Recap: Round 1 of The French Election
For those of you who missed it, the first round of the French election happened on Sunday, April 23, 2017. Because no candidate won a majority in round 1, the top two candidates, Emmanuel Macron and Marine Le Pen, will face off on May 7. Macron is a centrist committed to free markets and global trades while Le Pen of the National Front is a far-right populist vowing to exit the European Union (EU) and suspend immigration.
According to polling on April 26, 2017, Macron is expected to win over 60% of votes and become the next President of France. The results and current predictions left investors across the globe relieved on the morning of Monday, April 24 as we saw stocks advancing and safe-haven assets, such as US Treasuries and gold, retreating. We also saw mortgage rates rise slightly here at Clara on Monday morning — about ⅛ of a point on a 30 year fixed rate. Which raises the question, how are all these things related and, as a prospective homebuyer or homeowner in the US, what should I be watching for on May 7th?
What’s the French Election Got to Do with US Mortgage Rates?
Let’s take a step back. Most people think the government sets mortgage interests rates. It does not. Instead, markets influence mortgage interest rates constantly. So seemingly far away events, like the French elections, could actually influence things like the interest rate on your mortgage.Here is a high-level explanation as to how the markets influence mortgage interest rates.
Imagine a spectrum with more risky assets, like stocks, on one end and less risky assets, like US Treasury bonds, on the other end.
Now, let’s place mortgage-backed securities (MBS) on this spectrum.

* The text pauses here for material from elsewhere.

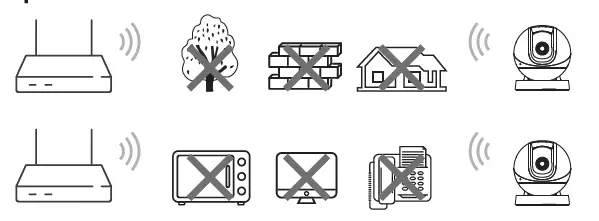 IMOU IPC-AX6L Security Camera User FIG 6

Specifically, US Agency MBS (as opposed to Non-Qualified Mortgage products), as Agency MBS bonds ultimately determine mortgage rates.
On the risk spectrum, US Agency MBS sit very close to US Treasury bonds since their principal and interest cash flows are guaranteed by federal agencies under government conservatorship. In other words, if borrowers default on their payments, Fannie and Freddie backed by Uncle Sam have promised to pick up the tabs.
When the market is volatile, investors tend to shy away from uncertainties and seek safer assets offering lower returns – like US Treasuries or US Agency MBS. The surge in demand for these bonds drives their prices up. Because bond prices and yields are inversely related, we tend to witness lower Treasury yields when investors seek safe haven assets. This can also pull down mortgage interest rates. If mortgage rates are lower, people can generally better afford houses when buying or can refinance to lower rates and possibly have more of their paycheck to spend on things other than their monthly mortgage payments. And voila, you now have a very simplistic grasp of how a vote in France can influence your pocketbook at home.
The Take-Away: All Ships Tend to Rise with Stability
If Macron becomes the next French President, US mortgage interest rates may very well stay stable, since that expectation is priced into the market. If Le Pen were to win, we could witness a drop in rates like we saw after Brexit, when the UK voted to leave the European Union, because Le Pen has vowed to do the same. That would mean, here in the US, future and current homeowners might be able to see mortgage rates dip below 4% again. This could be a short-term silver lining for some, but generally, homeowners and homebuyers alike are better off in the long term with financial market stability. So you may not want to root for EU dissolution even if it means shaving a bit off your mortgage interest rate.
Update: Macron won as predicted. US mortgage rates remained relatively stable.